BEGIN Supplied entries

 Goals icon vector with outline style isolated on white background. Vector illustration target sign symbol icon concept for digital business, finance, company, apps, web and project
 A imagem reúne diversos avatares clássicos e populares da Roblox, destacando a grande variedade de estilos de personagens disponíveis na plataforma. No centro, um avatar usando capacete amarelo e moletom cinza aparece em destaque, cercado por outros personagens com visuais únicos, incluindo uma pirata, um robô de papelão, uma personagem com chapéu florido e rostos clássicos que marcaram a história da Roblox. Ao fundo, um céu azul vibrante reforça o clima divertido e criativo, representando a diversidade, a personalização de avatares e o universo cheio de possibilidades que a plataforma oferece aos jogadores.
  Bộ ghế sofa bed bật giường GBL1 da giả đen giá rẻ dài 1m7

END Supplied entries
BEGIN Supplied entries

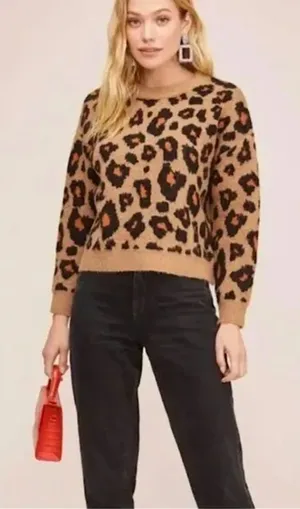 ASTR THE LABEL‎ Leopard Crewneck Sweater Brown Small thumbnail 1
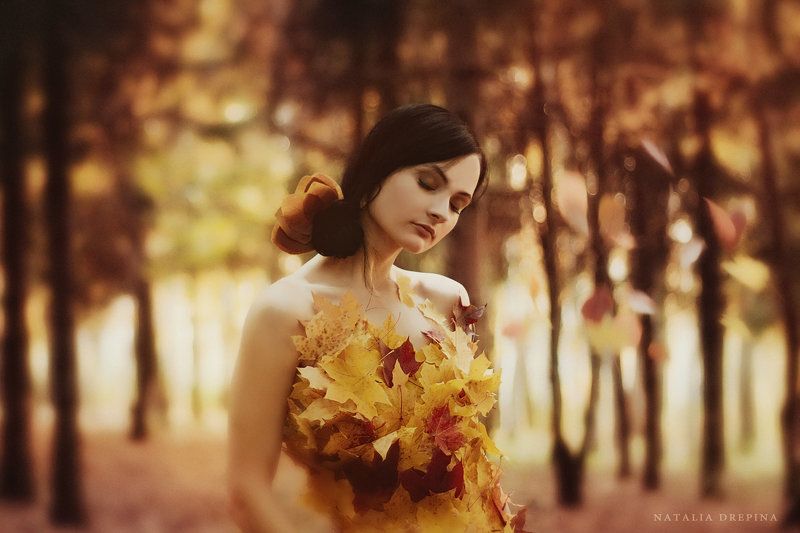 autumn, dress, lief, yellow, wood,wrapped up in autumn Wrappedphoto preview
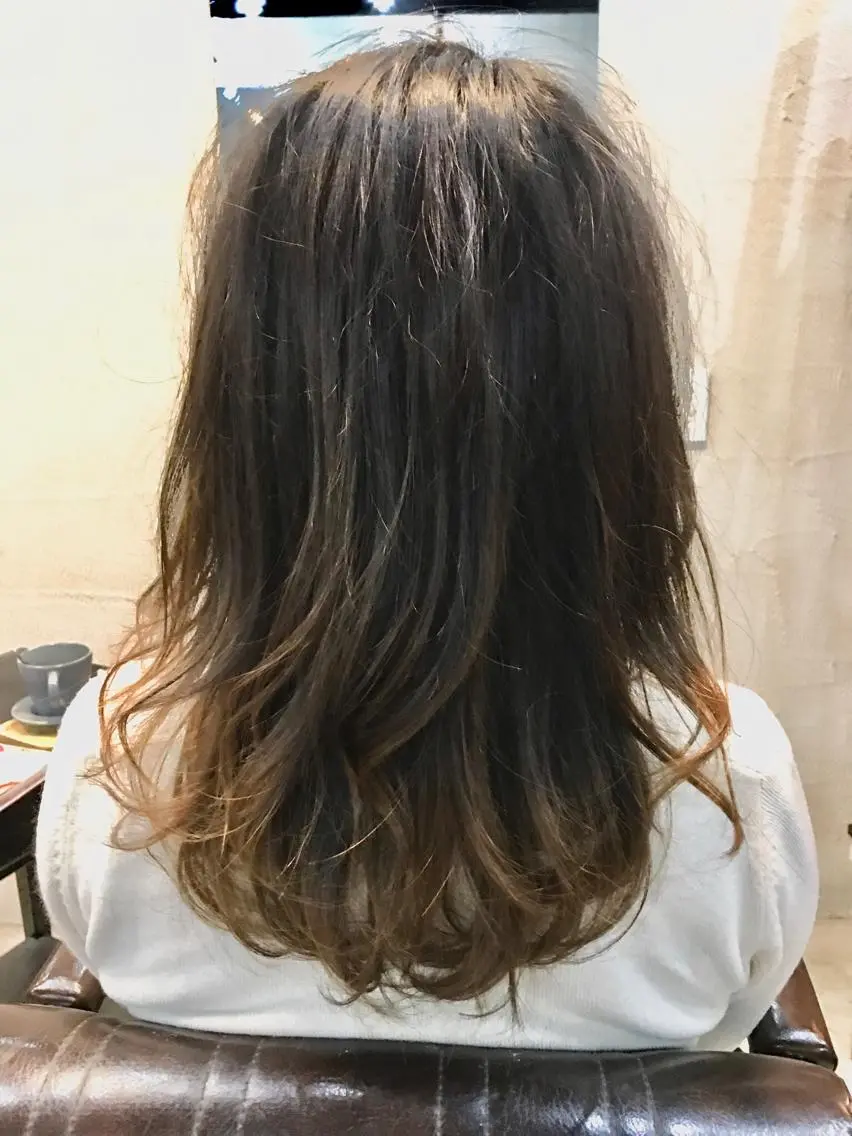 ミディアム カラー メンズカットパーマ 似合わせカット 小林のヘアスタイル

END Supplied entries
BEGIN Supplied entries

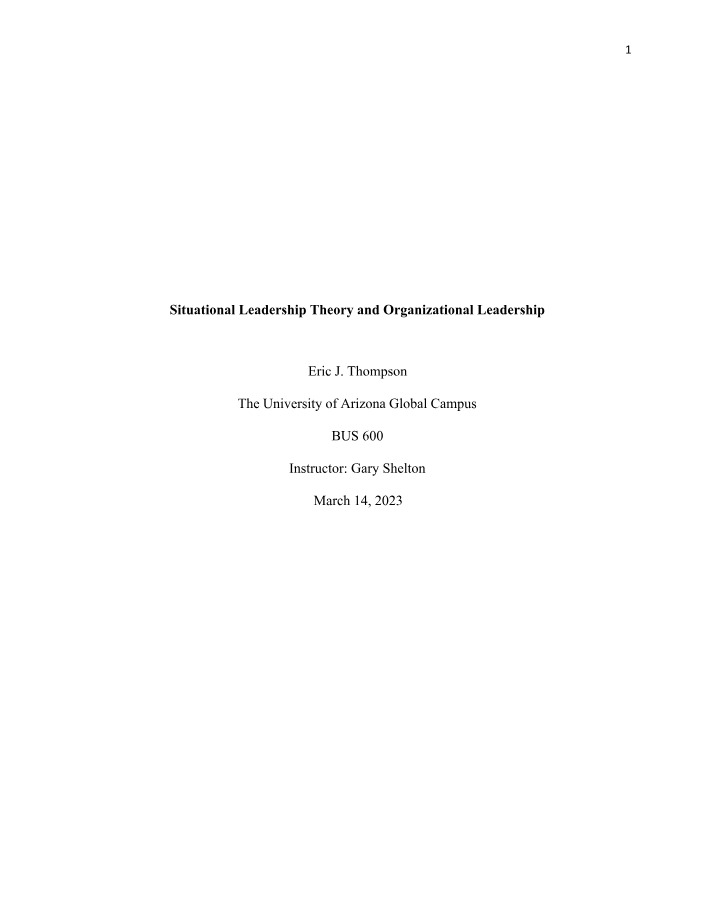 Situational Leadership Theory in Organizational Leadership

END Supplied entries

Exercise requirements:
Once the line with "autumn, dress, lief, yellow, wood,wrapped" is found above, transcribe each line from it through the line with "ミディアム カラー メンズカットパーマ 似合わせカット 小林のヘアスタイル", exactly, and omit the pictures.

Result of the task:
 autumn, dress, lief, yellow, wood,wrapped up in autumn Wrappedphoto preview
 ミディアム カラー メンズカットパーマ 似合わせカット 小林のヘアスタイル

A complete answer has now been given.